- Text-to-region grounding data

╭──

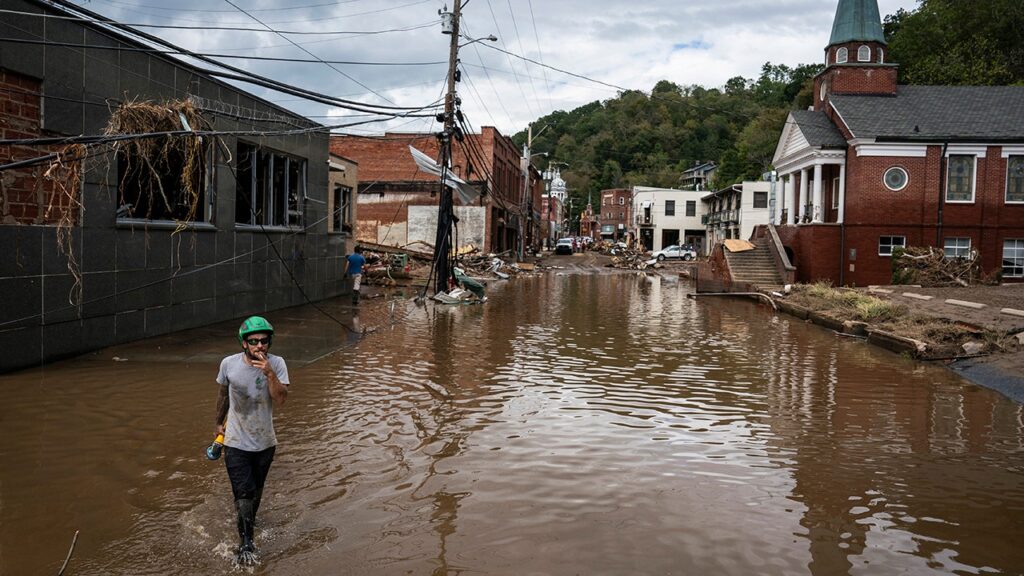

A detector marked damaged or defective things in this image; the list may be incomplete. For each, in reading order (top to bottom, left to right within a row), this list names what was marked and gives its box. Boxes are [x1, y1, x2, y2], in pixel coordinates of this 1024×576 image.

broken window [235, 142, 304, 227]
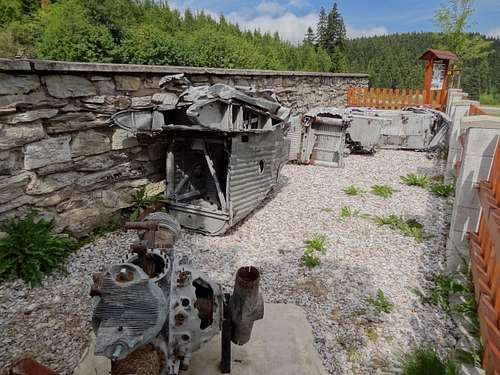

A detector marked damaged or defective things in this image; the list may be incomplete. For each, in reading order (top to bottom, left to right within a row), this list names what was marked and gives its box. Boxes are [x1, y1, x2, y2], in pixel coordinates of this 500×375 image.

rusted metal part [109, 75, 290, 236]
rusted metal part [5, 358, 57, 375]
rusted metal part [91, 213, 262, 374]
rusted metal part [229, 268, 264, 346]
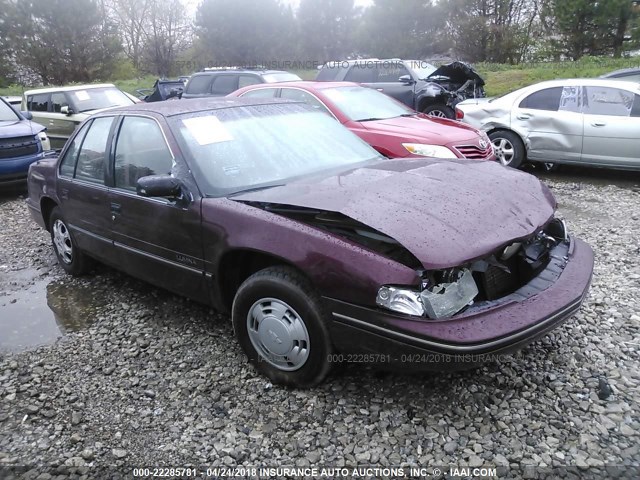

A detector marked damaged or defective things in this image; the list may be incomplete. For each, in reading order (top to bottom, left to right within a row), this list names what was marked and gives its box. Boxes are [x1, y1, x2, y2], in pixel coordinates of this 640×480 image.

damaged maroon sedan [26, 96, 596, 386]
crushed front hood [234, 158, 556, 268]
broken headlight [376, 268, 480, 320]
crumpled bumper [324, 236, 596, 372]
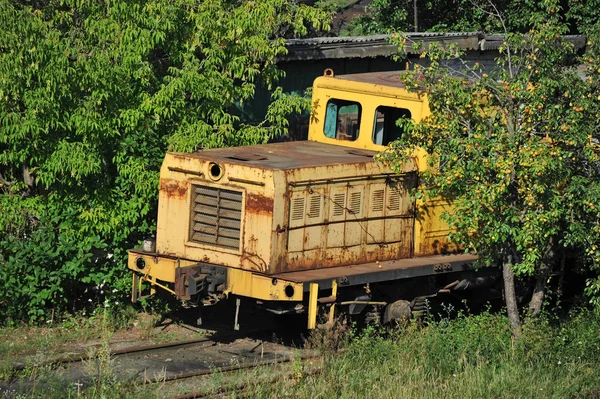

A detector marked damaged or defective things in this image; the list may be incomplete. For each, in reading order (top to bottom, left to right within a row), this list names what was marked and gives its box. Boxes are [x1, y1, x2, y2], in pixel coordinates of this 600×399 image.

rust patch on hood [159, 180, 188, 200]
rust patch on hood [246, 193, 274, 214]
rusty locomotive body [129, 71, 490, 328]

╰──

- Task directions
Return the preceding entries verbatim, with the pictures excluded.

- Answer section
A detector marked damaged or defective things in this image; the list may be incomplete. For each, in reading order (top to bottom, left to right within a row), this list names what was marked and gives its box. Boxes are [x1, y1, x2, y2], in pixel coordinates of this 1024×576 image.

broken window [235, 142, 304, 227]

A detector marked damaged or defective things in this image; the list may be incomplete. For each, in reading order (top to bottom, left to right within a row), this list names what was marked and gives its box. Boxes are [x1, y1, x2, y2], in pixel coordinates of this 500×375 image.

rusted metal part [109, 75, 290, 236]
rusted metal part [5, 358, 57, 375]
rusted metal part [91, 213, 262, 374]
rusted metal part [229, 268, 264, 346]

A detector marked damaged or defective things in this image; the list may be incomplete. For each, in reading order (top to bottom, left to right within a row), this list names what was marked and gives its box. Boxes are [x1, y1, x2, y2], in pixel coordinates of this 640×480 image.

damaged maroon sedan [26, 96, 596, 386]
crushed front hood [234, 158, 556, 268]
broken headlight [376, 268, 480, 320]
crumpled bumper [324, 236, 596, 372]

A detector marked damaged or defective things in this image; the list may be incomplete. For each, in reading order (top to bottom, left to right within a row), this list names what was marked and gives its box. Boxes are [x1, y1, x2, y2], in pixel coordinates of this 600×399 image.

rust patch on hood [159, 180, 188, 200]
rust patch on hood [246, 193, 274, 214]
rusty locomotive body [129, 71, 490, 328]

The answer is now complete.